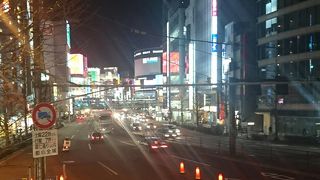 眠らない街は健在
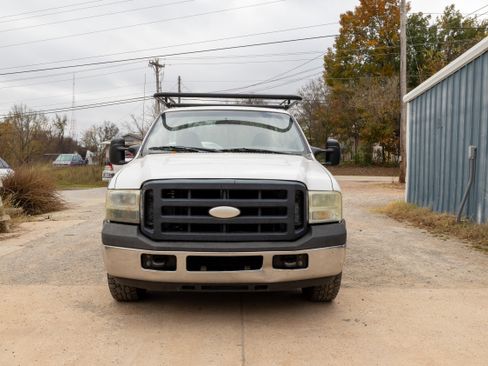 Used 2007 Ford F250 XL image 2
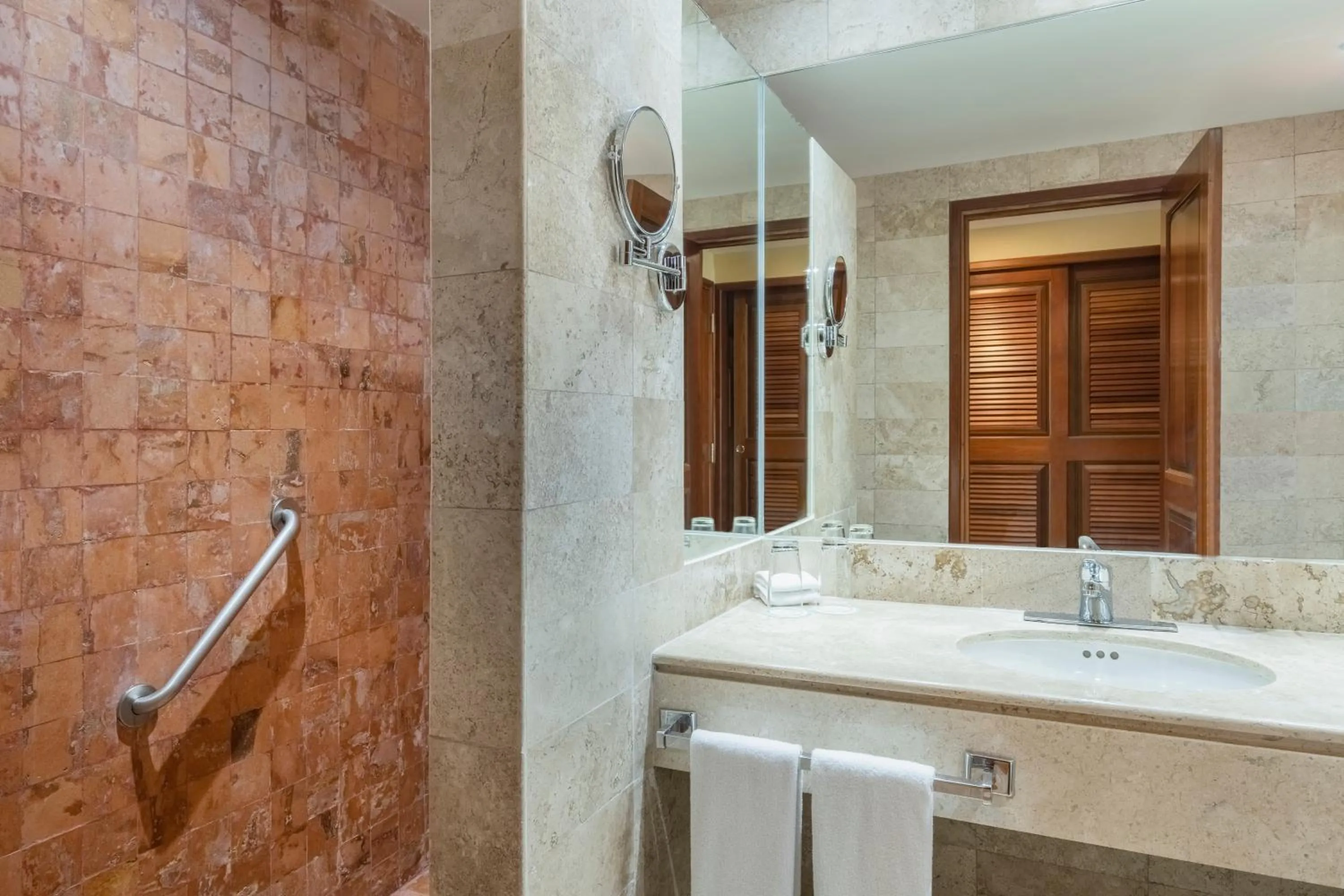 Bathroom in Iberostar Waves Paraíso Beach - All Inclusive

**ACTION ITEM:** Your task is to retype the listing exactly, without its pictures.

**RESPONSE:**
 眠らない街は健在
 Used 2007 Ford F250 XL image 2
 Bathroom in Iberostar Waves Paraíso Beach - All Inclusive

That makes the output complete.